■ WORK TO COMPLETE: All that is wanted is the exact text of the lines below from the one with "4-part carving set with wooden case" through the one with "Tim Civeja; FC", inclusive, minus any pictures.

SOURCE DATA Block Start

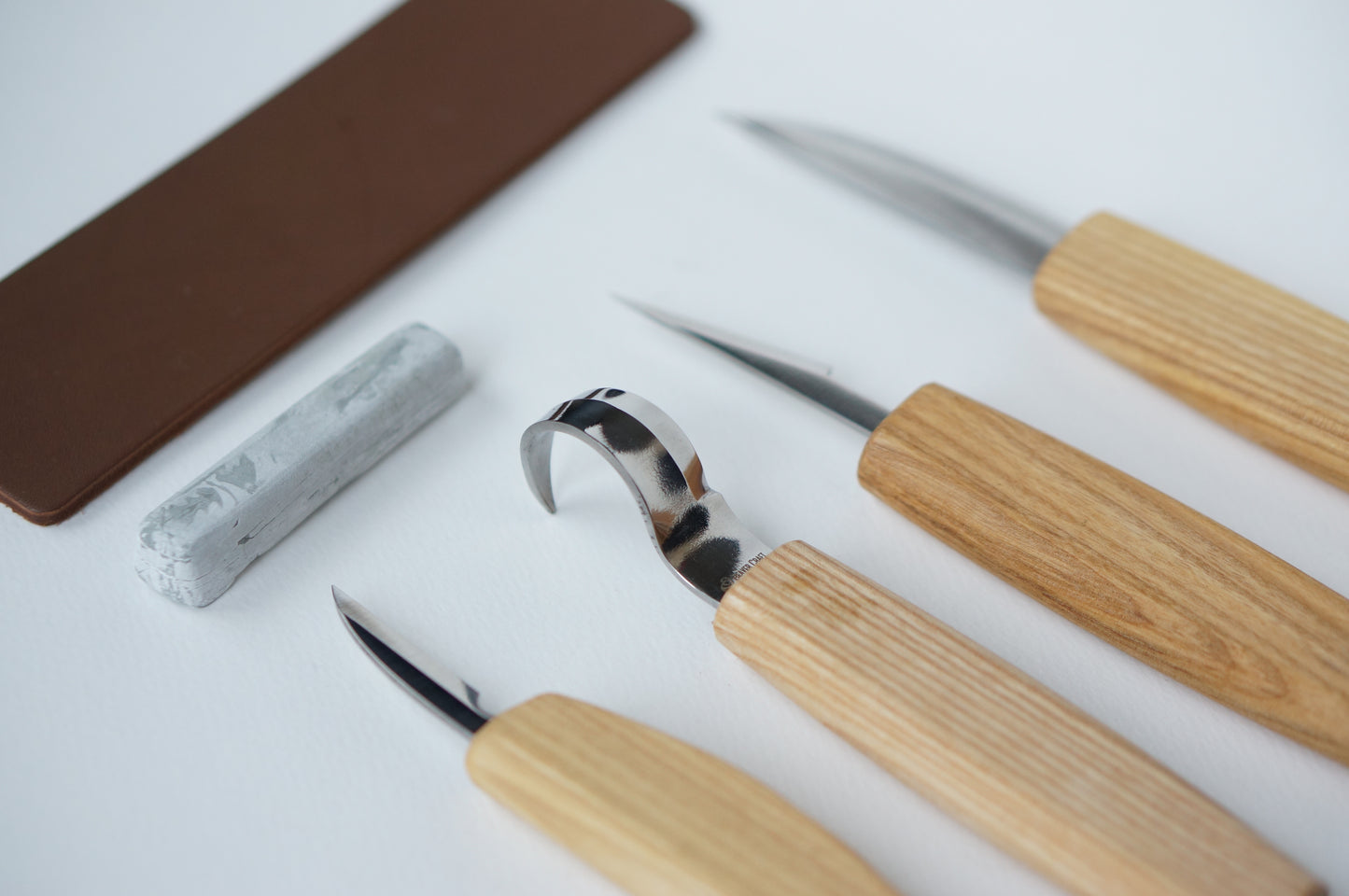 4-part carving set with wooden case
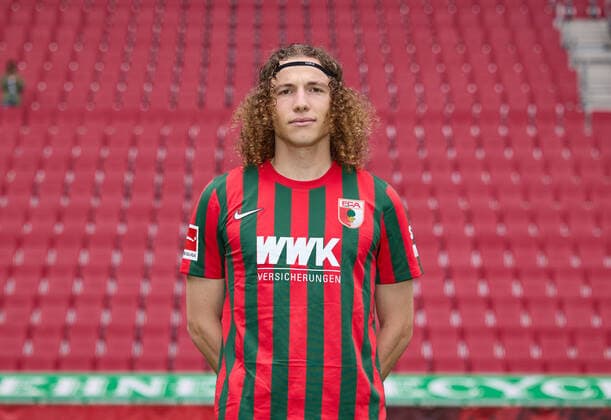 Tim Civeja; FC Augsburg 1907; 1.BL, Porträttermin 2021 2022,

SOURCE DATA Block End
SOURCE DATA Block Start

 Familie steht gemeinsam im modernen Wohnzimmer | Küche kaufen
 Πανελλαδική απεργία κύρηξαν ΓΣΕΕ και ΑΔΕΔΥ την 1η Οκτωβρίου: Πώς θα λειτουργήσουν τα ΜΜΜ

SOURCE DATA Block End

■ WRITTEN RESPONSE:
 4-part carving set with wooden case
 Tim Civeja; FC Augsburg 1907; 1.BL, Porträttermin 2021 2022,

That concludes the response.